What is the status of the government-owned automobile assembly plants?
As we are all aware there is what we call installed capacity and actual capacity when we are dealing with how many vehicles any particular company or outfit manufactures, for example a company could have the capacity to build maybe 10,000 vehicles per year but because of other challenges they can only produce a thousand. This is a major challenge being faced by a number of stakeholders in Nigeria, so we are working with all relevant stakeholders to see how we can really increase that capacity and for the ones that have stopped production we are also working towards reviving them. But the important thing here is to understand is that in this age, all this momentum needs to be private sector driven. The government is not the right institution to go into many places and actually be the one that produces or manufacturers goods but we are here to enable, to facilitate and to empower the private sector to really go into this industry. So some of these facilities that used to be active 10, 20 years ago that are now dormant we are very willing to come in and support the private sector in reviving them or even in starting to produce newer types of vehicles there.
Lastly, what level are you taking the national automotive design and development council to, say in 10 years?
In 10 years, we really hope to have a very high percentage of vehicles used in Nigeria to have been made in Nigeria.

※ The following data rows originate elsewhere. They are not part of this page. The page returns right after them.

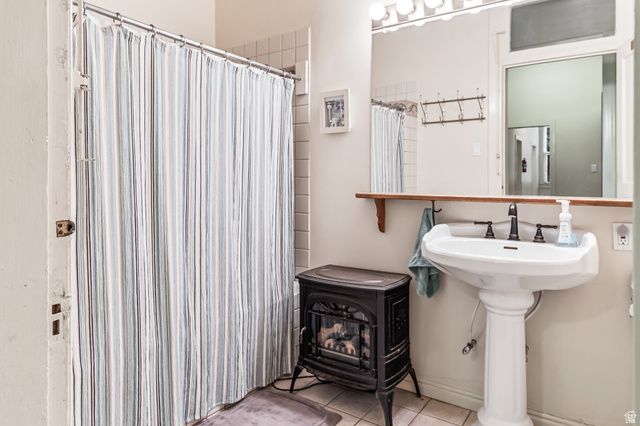 21 N MAIN ST, Junction, UT 84740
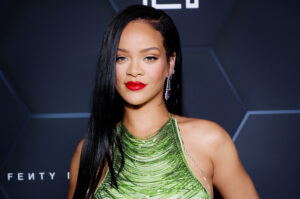 Miljairdair twitter Rihanna zwangerschapsstijl
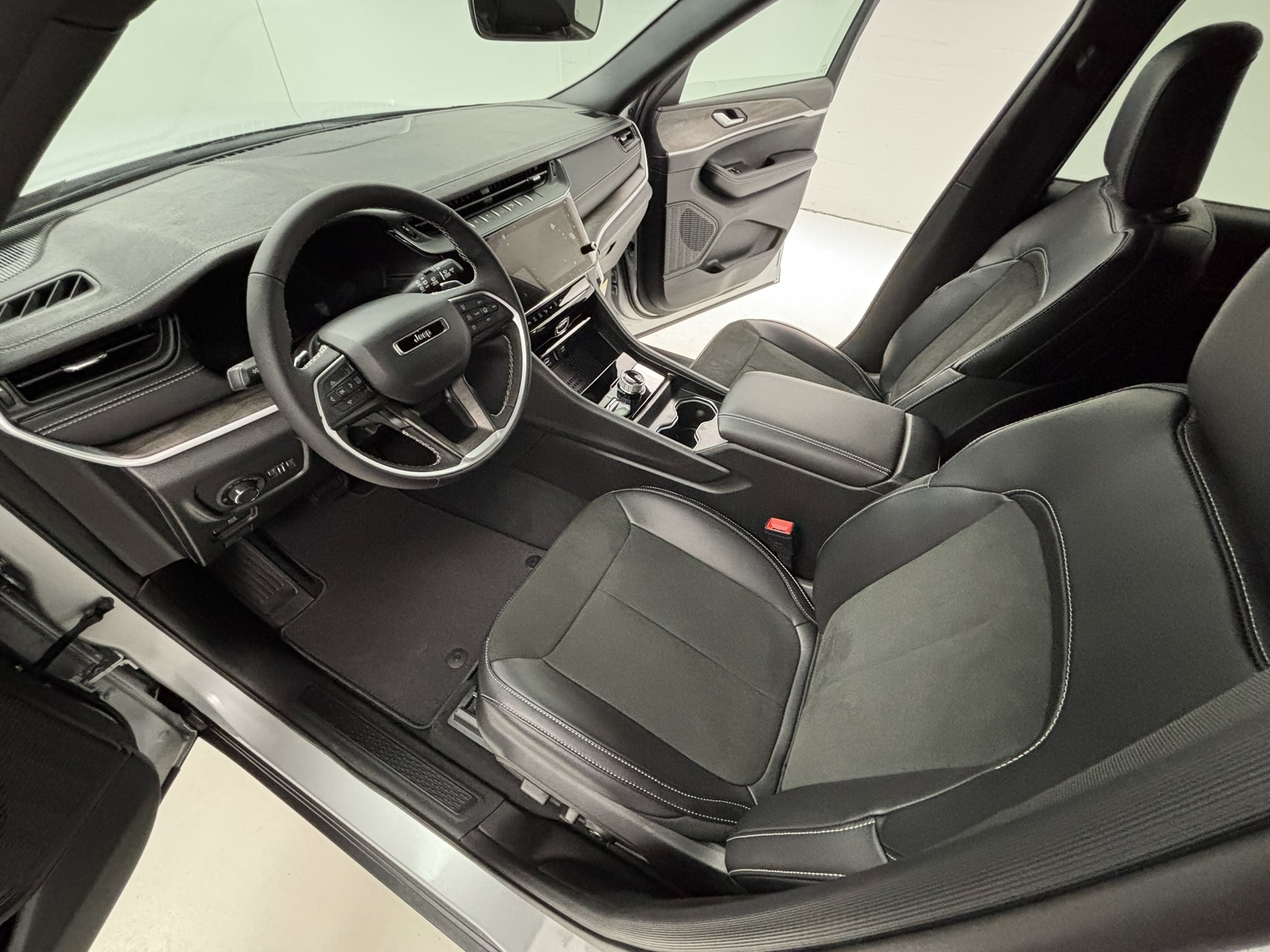 2026 Jeep Grand Cherokee Laredo - Photo 17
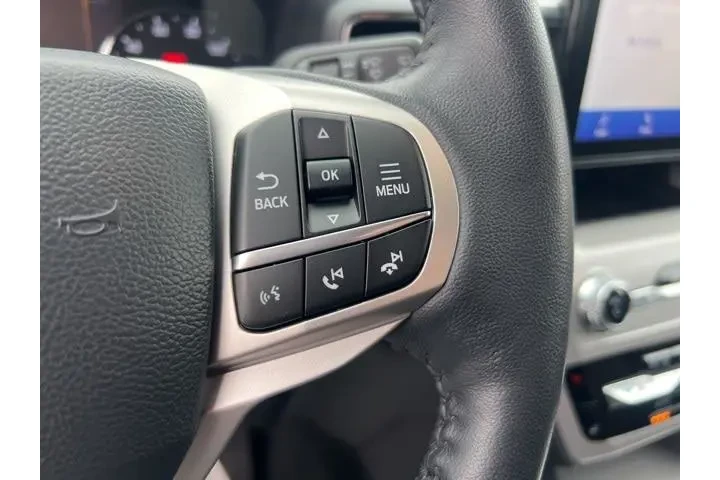 $35475 : Ford Explorer 2024 AWD XLT 4 image 10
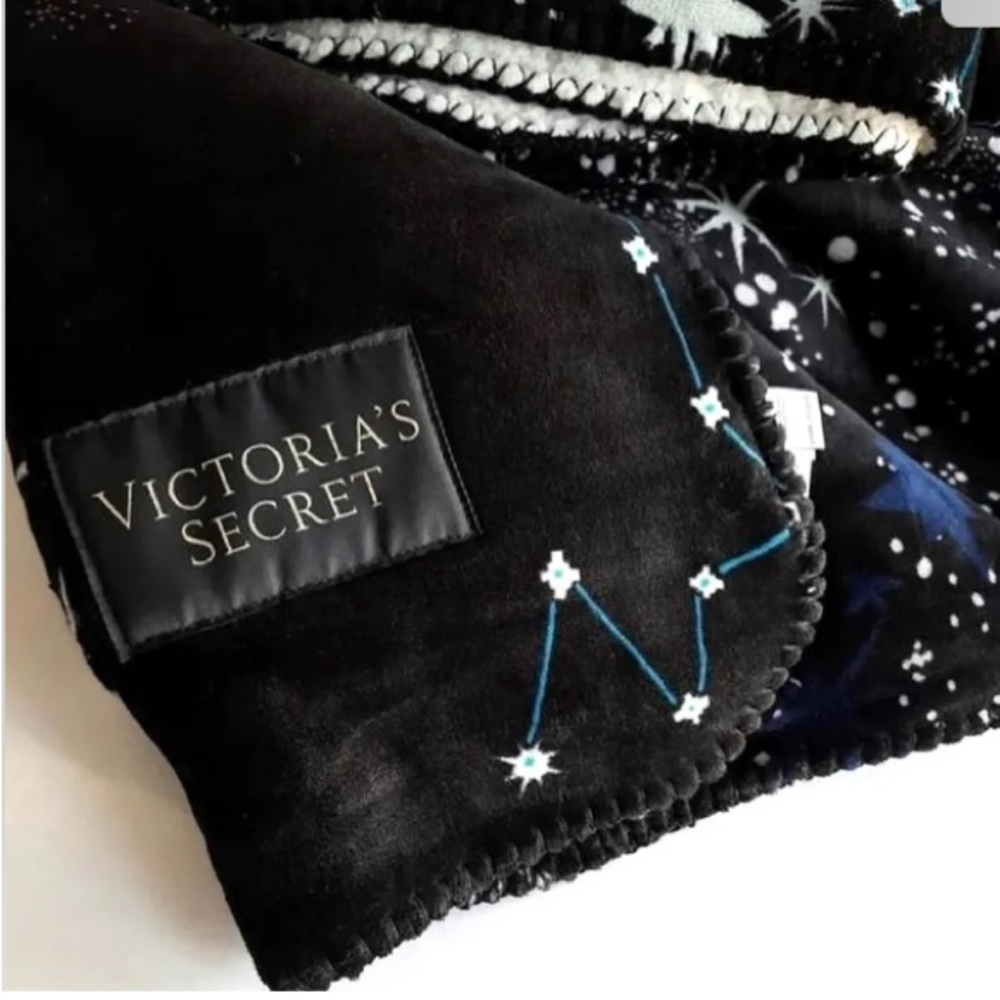 Rare & NWT Victoria’s Secret Galaxy Celestial Sherpa Throw Blanket - Picture 5 of 12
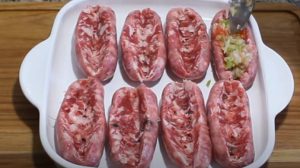 passo 01 linguiça de forno recheada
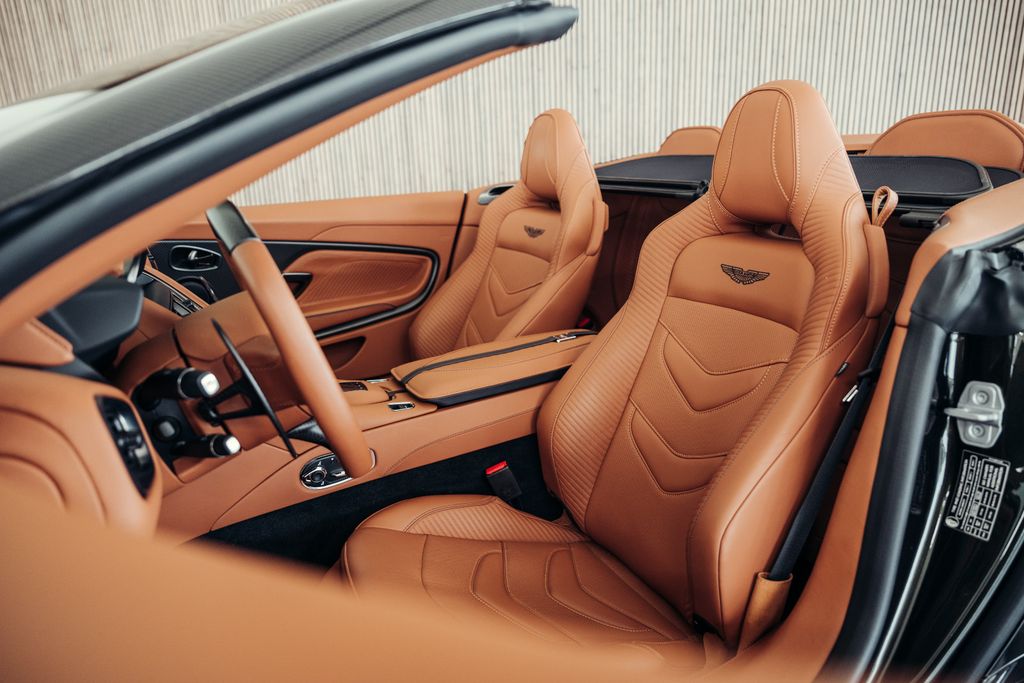 Aston Martin DBS 2024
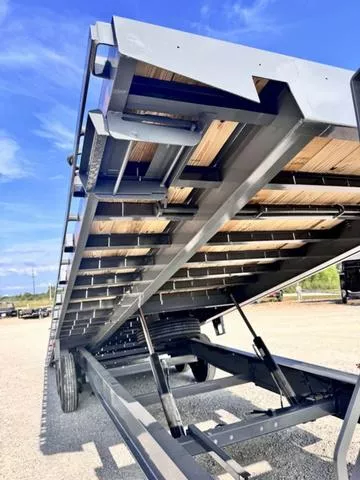 new Equipment / Flatbed Trailers Diamond C Trailers  for sale, in Poplar Bluff, MO Thumbnail 9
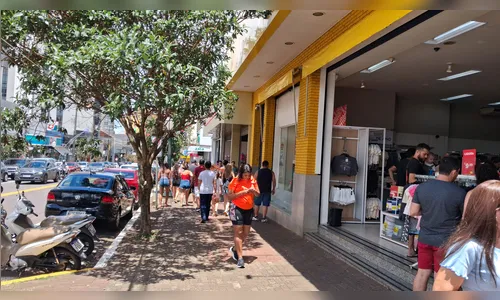 Comércio continua fechado nesta sexta, mas abre no sábado em Apucarana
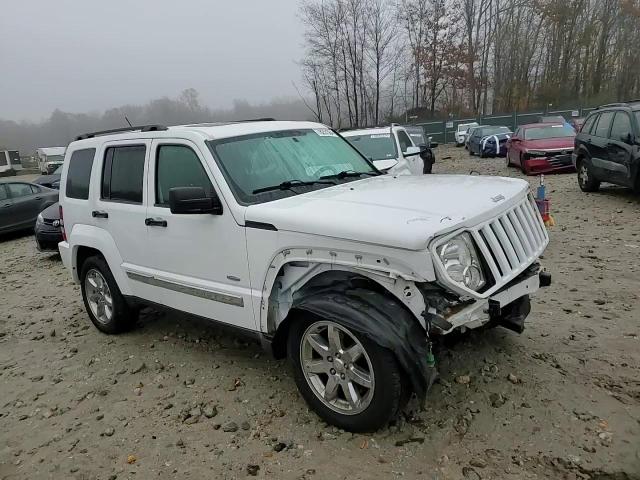2012 Jeep Liberty (North America) - Image 11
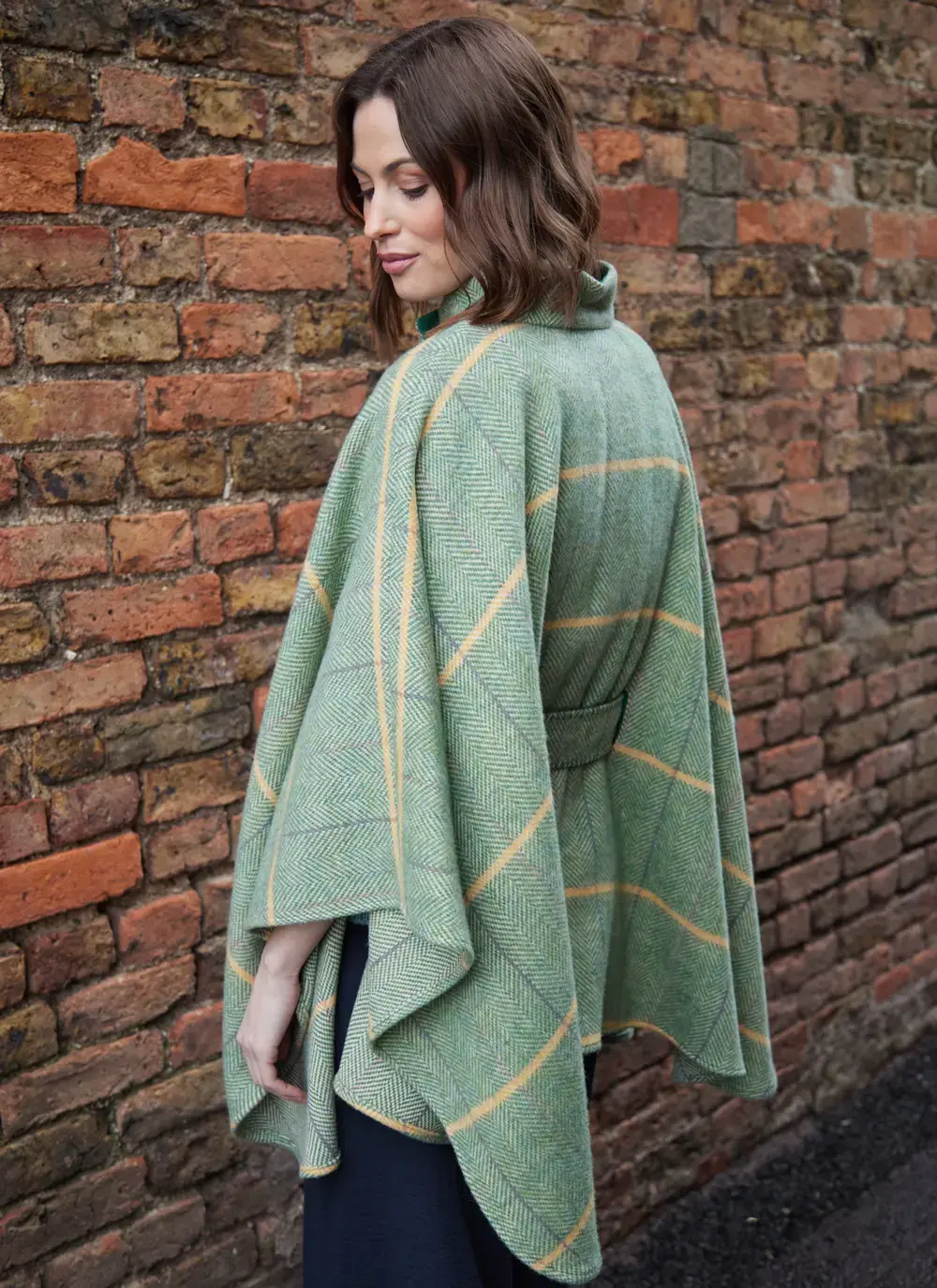 Lafo Belted Herringbone Cape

But then not just to produce vehicles but to also have Nigerians as part of the design and development phase because we can’t just produce vehicle we have to look around, every day you hear that a young man in Lagos has designed a certain type of vehicle another young man in Bauchi has done something, so a lot of times these young kids have nowhere to go, so I’m really proposing a dedicated automotive design and innovation institute where these young men and women can go and become professional automotive designers and developers so that they would design the Innoson vehicles to come out in the next 10 years, so they can also design a whole new company, its vehicles or maybe even work for TOYOTA or HONDA to design Nigeria’s specific Toyota or Honda, there is so much capability, so much talent in Nigeria and I think this would be an avenue to really give it all the necessary support it needs so that Nigeria’s would become innovators in the automotive sector.